July 1….I’ve been kind of eyeing this day on my calendar suspiciously, because in many ways it marks the beginning of the end of our time here in Copenhagen and in Denmark. Tickets are booked, movers are scheduled, and the to-do list of tasks big and small grows by what seems like one hundred items every day. While in the diplomatic life, “they move you” as everyone will say, there is no real easy way out of moving. There are still oceans of paperwork to cross, and a myriad of expenses incurred.
And that’s just the “out of pocket”…There’s also the “out of heart” expense. In the end, each post that you get to live in as a diplomatic family will mark you in some way. After all, while all the work is going on, you live a daily life, becoming attached, sometimes in small ways and sometimes in big ways. If you have children, they are growing with the influence of a place, and you’re growing too, looking back on the time spent and adventures had and realizing how quickly it really does all go by.
I haven’t always had the easiest time in Denmark, particularly our first year, and I suppose that’s not much of a secret. I don’t place blame for that – the fault is mostly mine. I came in with expectations that were too high, and based them so much on what I thought it would be that I forgot to account for what it actually is. But over time, Denmark has most certainly softened me, and taught me much about family life, community life, and how to build a home life for all of us that allows those priorities to flourish, rather than constantly be pushed aside to a back burner that will never actually get lit. I suspect one day I might have much more to say about that, but for the moment, that will be enough as more will distract me from the time that we still have in front of us here.
I’m a sentimentalist, and a nostalgic, at heart. My Eastern European blood helps me to fight off too much unnecessary attachment, because making attachments often comes at the cost of obligations, and emotions, and in many cases, a few tears. But once I do, that attachment runs deep, and it runs for life. Denmark, you have my attachment.

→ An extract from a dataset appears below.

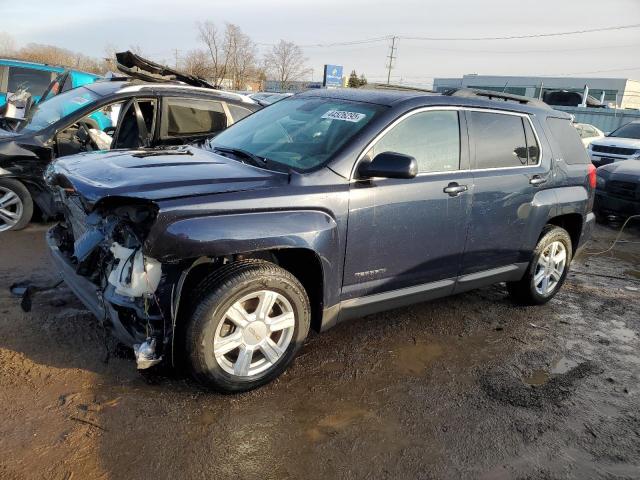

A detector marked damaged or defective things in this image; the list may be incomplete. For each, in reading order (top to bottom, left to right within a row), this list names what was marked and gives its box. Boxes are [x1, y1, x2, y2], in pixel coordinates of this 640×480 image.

crumpled front end [47, 189, 178, 370]
damaged vehicle background [0, 79, 260, 232]
damaged gmc terrain [46, 88, 596, 392]
damaged vehicle background [47, 87, 596, 394]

My diplomat husband, much more poised than I for these changes, always like to remind me that every good party comes to a close. There comes a point where the host gently winds down the music, offers the last coffee, and gently lets you know the evening is at its natural end without having to say it. Your job is to know when it is your turn to go. That’s the deal of this diplomatic life…we don’t get to keep any of these places forever in our day-to-day, only forever in our hearts and memories. At some point, it’s time to make our way to the door, and exit gracefully, no matter how much we might have acclimated or changed or learned or experienced. Having to leave is the price of getting to stay for awhile. You agree to pay that bill when you sign on the dotted line of foreign service life.
I imagine there will be some posts in our future where we will be ready to go much sooner. But until now, we have always been lucky with our experiences to want to stay for that one last coffee with our hosts. We have thirty days to go here; much of those will be filled with preparations and logistics. But there is also still time to take in yet more of this special place, to still have a few more new adventures, but mostly, to really focus on the things that have made Denmark not just a post, but a home for us. Much will be different after we leave here. We don’t have all the details of when and where yet, but that will come in its own time. For thirty days, this is still our adopted home in all the ways that we love it, so we’re going to enjoy that last coffee. Maybe with kage, too. So, for now, no tears from me quite yet, but I will definitely take more cream and sugar.